FIFA president Gianni Infantino has again underlined his support for an expanded 40-team World Cup despite criticism of the extended 24-team Euro 2016 format.

Infantino told Germany's Bild newspaper in an interview published Saturday he believed that having more teams would increase the number of football fans worldwide.

The World Cup "is more than a competition; it is a social event which every one supports in a country," he said.

The FIFA Council will decide in October whether to increase the number of finalists from 32 to 40 for the 2026 World Cup. Opposition to the idea has come especially from the main European leagues.

Infantino said when a country competes at a World Cup for the first time it generates enthusiasm across generations.

"For the development of football is is therefore very important that we can bring in more countries and regions," he said.

Euro 2016 in France "is so far a great success" with matches "that were not boring at all" and "almost all (were) hard fought" and "evenly balanced."

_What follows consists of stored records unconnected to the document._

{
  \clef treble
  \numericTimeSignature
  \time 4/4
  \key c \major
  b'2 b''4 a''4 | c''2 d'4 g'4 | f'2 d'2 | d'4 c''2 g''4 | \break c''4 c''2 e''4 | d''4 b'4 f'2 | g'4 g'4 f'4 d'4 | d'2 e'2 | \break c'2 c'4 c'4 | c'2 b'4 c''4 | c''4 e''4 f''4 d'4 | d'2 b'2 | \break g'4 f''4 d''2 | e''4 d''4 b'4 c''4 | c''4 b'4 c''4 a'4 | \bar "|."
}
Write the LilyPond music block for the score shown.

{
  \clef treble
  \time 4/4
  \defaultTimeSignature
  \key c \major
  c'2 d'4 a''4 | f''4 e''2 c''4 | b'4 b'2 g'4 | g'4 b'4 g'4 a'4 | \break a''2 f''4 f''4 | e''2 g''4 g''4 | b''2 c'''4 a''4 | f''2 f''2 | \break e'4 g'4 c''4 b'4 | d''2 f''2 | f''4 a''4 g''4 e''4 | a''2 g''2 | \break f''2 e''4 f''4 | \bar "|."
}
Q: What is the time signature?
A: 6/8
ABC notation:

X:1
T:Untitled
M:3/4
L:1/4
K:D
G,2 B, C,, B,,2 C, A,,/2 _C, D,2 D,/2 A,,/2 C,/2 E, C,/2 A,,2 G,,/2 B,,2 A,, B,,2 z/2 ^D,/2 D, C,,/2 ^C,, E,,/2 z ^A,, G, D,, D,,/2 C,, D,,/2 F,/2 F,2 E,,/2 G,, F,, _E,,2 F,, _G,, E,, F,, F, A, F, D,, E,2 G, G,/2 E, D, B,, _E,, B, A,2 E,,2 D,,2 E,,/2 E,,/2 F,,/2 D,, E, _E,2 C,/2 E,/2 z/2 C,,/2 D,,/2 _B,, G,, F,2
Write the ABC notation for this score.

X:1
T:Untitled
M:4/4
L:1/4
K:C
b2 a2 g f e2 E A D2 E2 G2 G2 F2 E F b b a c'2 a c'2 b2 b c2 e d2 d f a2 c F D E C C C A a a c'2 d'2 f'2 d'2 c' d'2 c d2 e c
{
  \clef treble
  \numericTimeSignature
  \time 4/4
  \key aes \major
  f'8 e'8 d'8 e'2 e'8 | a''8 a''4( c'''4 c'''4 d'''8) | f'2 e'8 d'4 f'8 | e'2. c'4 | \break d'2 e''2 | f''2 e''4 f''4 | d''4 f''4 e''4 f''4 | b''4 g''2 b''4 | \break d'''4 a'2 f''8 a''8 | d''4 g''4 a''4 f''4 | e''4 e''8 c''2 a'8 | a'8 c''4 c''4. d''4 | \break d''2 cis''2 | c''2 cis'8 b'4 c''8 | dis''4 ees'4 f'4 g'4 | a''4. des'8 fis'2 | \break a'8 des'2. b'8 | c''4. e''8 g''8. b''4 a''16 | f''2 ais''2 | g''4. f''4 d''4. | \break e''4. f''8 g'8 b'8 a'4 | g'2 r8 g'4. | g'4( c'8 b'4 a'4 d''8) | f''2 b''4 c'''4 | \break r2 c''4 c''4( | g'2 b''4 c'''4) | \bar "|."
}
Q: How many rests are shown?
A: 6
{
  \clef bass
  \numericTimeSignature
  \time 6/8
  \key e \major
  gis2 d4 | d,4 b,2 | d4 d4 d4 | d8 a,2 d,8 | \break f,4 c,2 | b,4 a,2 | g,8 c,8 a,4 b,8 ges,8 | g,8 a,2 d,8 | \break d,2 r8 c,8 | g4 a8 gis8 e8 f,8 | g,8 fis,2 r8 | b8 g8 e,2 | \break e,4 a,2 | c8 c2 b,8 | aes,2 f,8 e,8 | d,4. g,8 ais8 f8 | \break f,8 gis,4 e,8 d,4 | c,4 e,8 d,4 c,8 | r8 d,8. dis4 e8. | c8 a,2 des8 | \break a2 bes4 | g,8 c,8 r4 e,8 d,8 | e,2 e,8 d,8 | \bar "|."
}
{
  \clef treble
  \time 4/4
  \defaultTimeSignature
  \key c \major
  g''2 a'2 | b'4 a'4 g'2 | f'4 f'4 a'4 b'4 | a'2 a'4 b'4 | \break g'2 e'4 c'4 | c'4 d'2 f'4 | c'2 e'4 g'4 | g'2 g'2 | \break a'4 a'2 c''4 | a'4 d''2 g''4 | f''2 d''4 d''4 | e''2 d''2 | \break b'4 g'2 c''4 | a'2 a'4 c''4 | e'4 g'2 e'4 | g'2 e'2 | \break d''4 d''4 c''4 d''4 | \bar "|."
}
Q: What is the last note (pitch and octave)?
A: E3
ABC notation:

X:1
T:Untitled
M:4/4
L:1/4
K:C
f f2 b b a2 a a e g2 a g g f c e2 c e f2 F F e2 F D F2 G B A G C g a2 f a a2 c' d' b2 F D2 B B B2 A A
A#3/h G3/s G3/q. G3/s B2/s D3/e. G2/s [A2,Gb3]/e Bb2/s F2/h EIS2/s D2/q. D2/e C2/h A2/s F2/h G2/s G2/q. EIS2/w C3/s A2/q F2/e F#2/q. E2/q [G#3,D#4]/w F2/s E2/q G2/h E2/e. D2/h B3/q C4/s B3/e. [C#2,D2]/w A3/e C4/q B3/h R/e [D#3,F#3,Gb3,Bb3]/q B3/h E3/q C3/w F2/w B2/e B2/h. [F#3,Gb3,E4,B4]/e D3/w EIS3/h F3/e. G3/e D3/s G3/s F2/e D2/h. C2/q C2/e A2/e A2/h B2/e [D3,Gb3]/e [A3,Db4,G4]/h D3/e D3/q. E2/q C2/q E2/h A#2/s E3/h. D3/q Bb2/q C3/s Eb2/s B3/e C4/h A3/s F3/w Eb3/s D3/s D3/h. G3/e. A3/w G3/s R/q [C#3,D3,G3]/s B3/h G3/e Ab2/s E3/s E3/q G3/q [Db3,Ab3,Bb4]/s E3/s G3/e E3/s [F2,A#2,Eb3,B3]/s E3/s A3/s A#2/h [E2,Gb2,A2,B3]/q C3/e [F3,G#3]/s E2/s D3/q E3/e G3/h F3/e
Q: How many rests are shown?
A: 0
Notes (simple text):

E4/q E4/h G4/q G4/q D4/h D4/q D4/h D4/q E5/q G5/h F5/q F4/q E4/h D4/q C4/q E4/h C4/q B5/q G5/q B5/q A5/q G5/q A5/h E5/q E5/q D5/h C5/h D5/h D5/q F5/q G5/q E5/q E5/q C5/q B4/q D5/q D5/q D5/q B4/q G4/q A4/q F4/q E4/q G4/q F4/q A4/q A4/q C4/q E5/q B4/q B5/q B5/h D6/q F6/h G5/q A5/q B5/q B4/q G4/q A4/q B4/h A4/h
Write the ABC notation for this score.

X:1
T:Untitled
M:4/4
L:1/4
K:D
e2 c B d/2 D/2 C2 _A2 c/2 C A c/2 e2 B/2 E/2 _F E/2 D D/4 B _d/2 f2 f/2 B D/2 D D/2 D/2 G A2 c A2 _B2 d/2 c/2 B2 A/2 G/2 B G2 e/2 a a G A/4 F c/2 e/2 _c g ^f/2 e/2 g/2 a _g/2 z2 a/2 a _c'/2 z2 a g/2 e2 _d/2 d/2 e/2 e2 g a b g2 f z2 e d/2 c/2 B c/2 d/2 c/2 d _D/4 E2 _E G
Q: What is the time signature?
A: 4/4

Infantino meanwhile dismissed claims of personal financial gain as president of football's world governing body.

He said he had paid for all of his personal outgoings and "have always adhered to ethical principles in my professional life."

His comments follow media reports that FIFA had paid his personal expenses and that he had allowed himself to be flown in a private jet paid for by a Russian oligarch.

There had been unconfirmed reports of a FIFA independent ethics committee preliminary inquiry. Infantino said he fully supported the ethics committee and if necessary would provide information to any questions at any time.

Infantino also dismissed reports which said he had rejected a proposed salary, saying the issue was never about the amount but "how the process was managed."

He added: "The amount of my salary was always secondary. Once the contract is signed I will make the amount of my salary public."

In May, Domenico Scala, FIFA's former independent audit and compliance chairman, resigned in protest at a FIFA congress decision he said "undermines" reforms at football's scandal-hit governing body.

Scala was also responsible for determining Infantino's salary. Germany's Frankfurter Allgemeine Zeitung reported at the time that Infantino rejected a salary proposal of 2 million Swiss francs as "insulting." Infantino rejected the claim in later interviews with Swiss media.